EXERCISE DATA:
****************

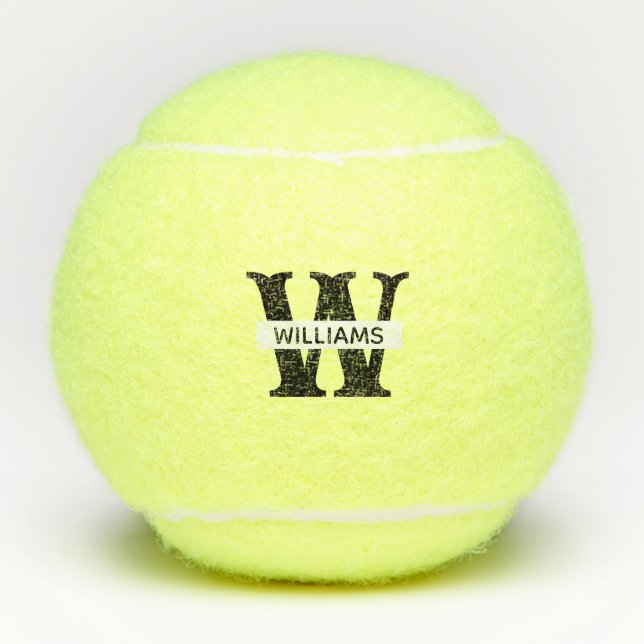 Erstellen Sie Ihr eigenes Monogramm mit eigener Ma Tennisbälle (Vorderseite)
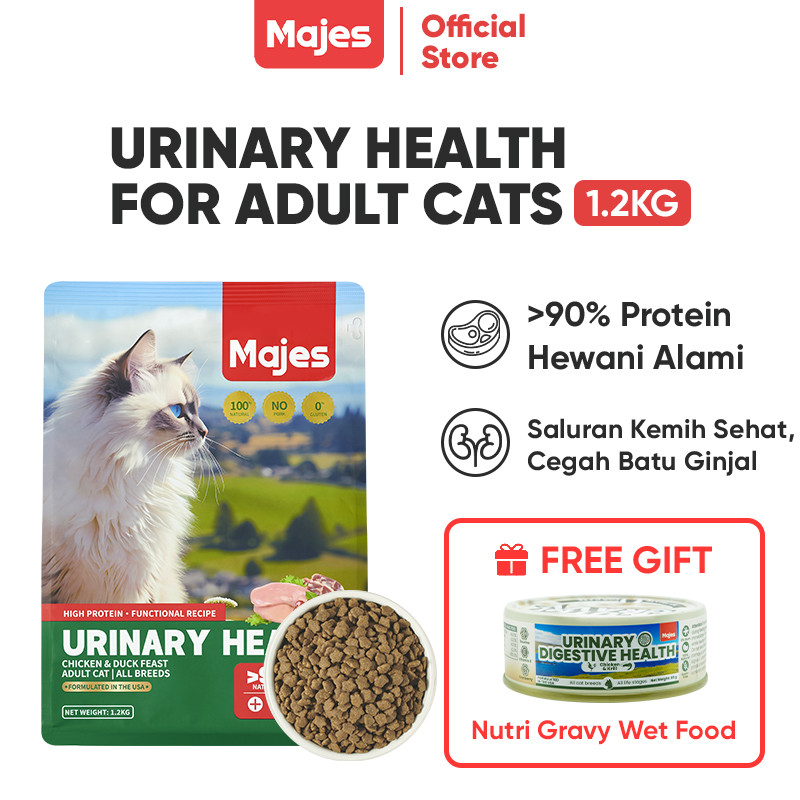 Majes High Protein Urinary Care Makanan Kucing Kering 1.2kg - Adult Dry Cat Food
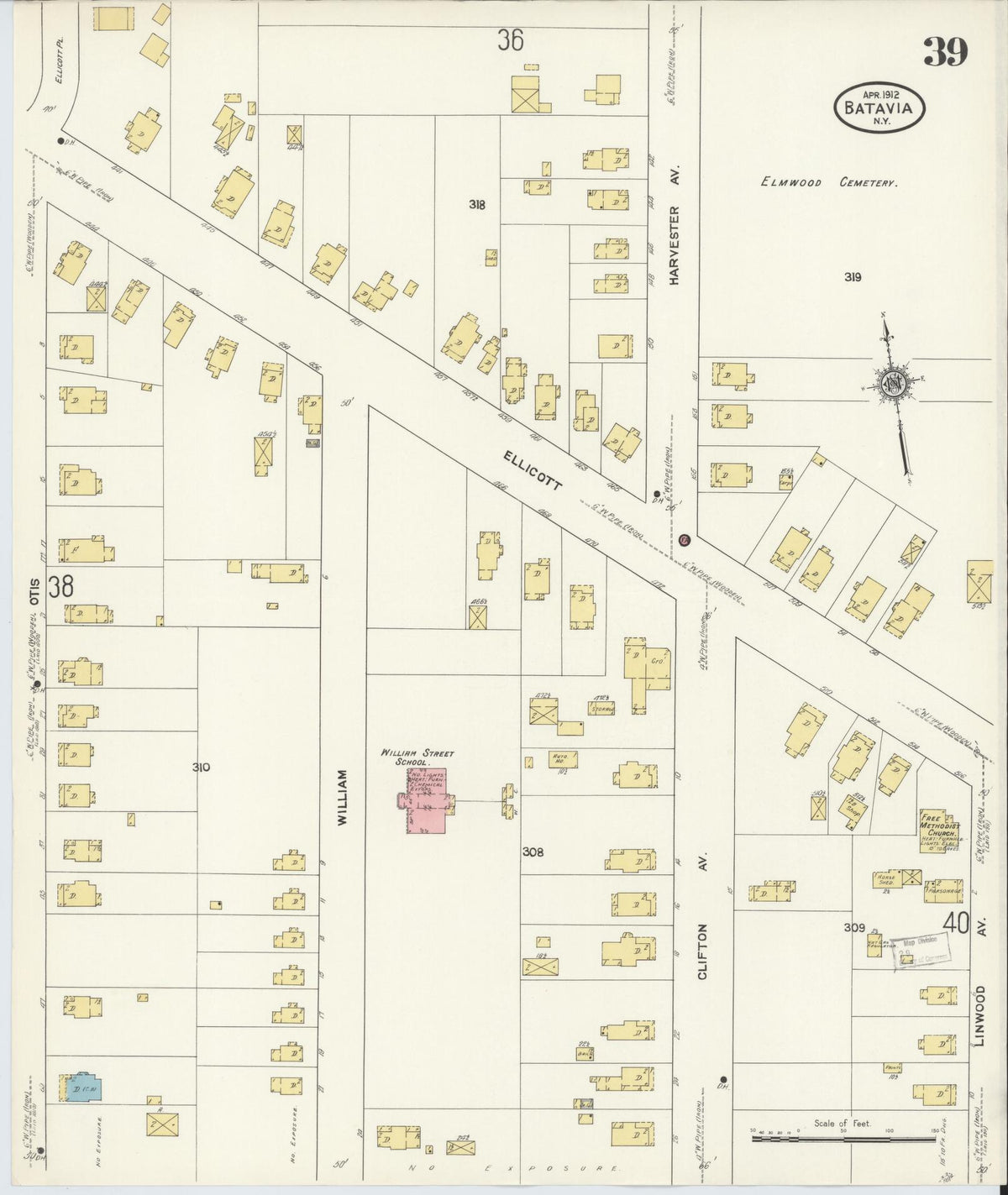 Sanborn Fire Insurance Map from Batavia, Genesee County, New York (1912), Sheet #0039 - Complete Map Set gallery image, historic Sanborn map, vintage wall art, New York New York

****************

WHAT IS BEING ASKED: With images omitted, output the data exactly as given.

SOLVED PROBLEM:
 Erstellen Sie Ihr eigenes Monogramm mit eigener Ma Tennisbälle (Vorderseite)
 Majes High Protein Urinary Care Makanan Kucing Kering 1.2kg - Adult Dry Cat Food
 Sanborn Fire Insurance Map from Batavia, Genesee County, New York (1912), Sheet #0039 - Complete Map Set gallery image, historic Sanborn map, vintage wall art, New York New York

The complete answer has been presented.